Vulnerability found in some pools

Balancer Labs received a report of a critical vulnerability affecting a number of pools. We were able to mitigate over 80% of these; the remaining funds at risk represent about 4% of Balancer TVL.

As of the writing of this post, this vulnerability has not been exploited, and no funds have been lost.

In response, the Emergency SubDAO acted to enable proportional exit from all affected pools, and pause any pools still within the pause window.

We believe funds in the mitigated pools (labeled “mitigated”) are safe, but nevertheless strongly recommend timely migration to safe pools, or withdrawal. Pools that could not be mitigated are labeled “at risk”. If you are an LP in any of these pools, please exit immediately.

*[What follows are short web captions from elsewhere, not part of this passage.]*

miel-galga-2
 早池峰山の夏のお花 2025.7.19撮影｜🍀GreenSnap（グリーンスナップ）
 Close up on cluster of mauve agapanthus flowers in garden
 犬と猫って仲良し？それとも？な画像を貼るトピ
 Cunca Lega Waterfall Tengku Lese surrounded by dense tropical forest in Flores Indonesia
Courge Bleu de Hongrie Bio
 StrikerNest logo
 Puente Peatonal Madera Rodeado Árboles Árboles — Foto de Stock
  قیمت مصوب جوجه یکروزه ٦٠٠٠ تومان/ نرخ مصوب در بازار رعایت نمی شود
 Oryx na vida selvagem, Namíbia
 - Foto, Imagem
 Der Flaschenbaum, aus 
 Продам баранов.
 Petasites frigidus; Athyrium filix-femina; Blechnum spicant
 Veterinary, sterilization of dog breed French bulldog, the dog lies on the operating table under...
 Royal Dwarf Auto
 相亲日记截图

We’ve provided a personalized page on the user interface to determine whether the connected wallet is an LP in any affected pools, and a streamlined process to guide you through withdrawals.

A post-mortem will be published soon with details of the vulnerability and how it has been addressed.

The full list of pools, for reference, will be provided in a comment on this post. Go to the withdrawal page and connect your wallet to see whether you are affected.

The full list of pools is posted in the Balancer Maxis repo

so base pools unaffected?

Correct, Base pools are unaffected.

What type of pools are vulnerable? We want to make sure forks are not affected.

Are just some boosted pools affected?

Withdrew but didn’t get my WETH back in my wallet. Where do I go to find this?

Hello, same here with Avax

The #support channel on the Balancer Discord is the place to go for technical questions and assistance.

The full list of affected pools is given on the page in the Maxi repo referenced above. We cannot make a full public disclosure while any funds are still at risk.

Thanks to the prompt response of the community, and the ease of migration/withdrawal through the recovery exit page, funds at risk are already down to ~1.5% of the TVL.

Full details will be provided in the post-mortem.

Please note that there is no “BAL claim program”! Disregard any posts making such statements, and do not follow any links.

Check on aave: https://app.aave.com

Hi, i cant enter discord. Balancer discord shows invite expired. I lost part of my funds on avalanche. Pool Savax-Wavax. stataAvaWAVAX to Wavax was lost 70% of my funds. No liquidity. What can i do to recuperate?

Hi. I can’t withdraw my funds from my account, everything freezes when I click the withdrawal button. What should I do?

the discord invite not works. how can i deal my problem of lost funds?

dont think your funds are lost, no one lost funds. Would suggest you visit the aave application and withdraw what you can from there. It takes time to buffer, but just be sure you are on the right network.

tks, it was solved on discord.

На персонализированной странице в пользовательском интерфейсе не получается вывести средства. Страница полностью не загружается. Что делать?

It is not possible to withdraw funds on a personalized page in the user interface. The page does not load completely. What to do?

Hello
I was in the MaticX-bb-a-WMATIC-BPT-gauge pool…when I withdrew/unwrapped, i only received back WMATIC and MATICX…missing the underlying coin and cant remember what it was. I followed all instructions and only received 80% of my total. Is this issue resolved through discord? ANy support is appreciated.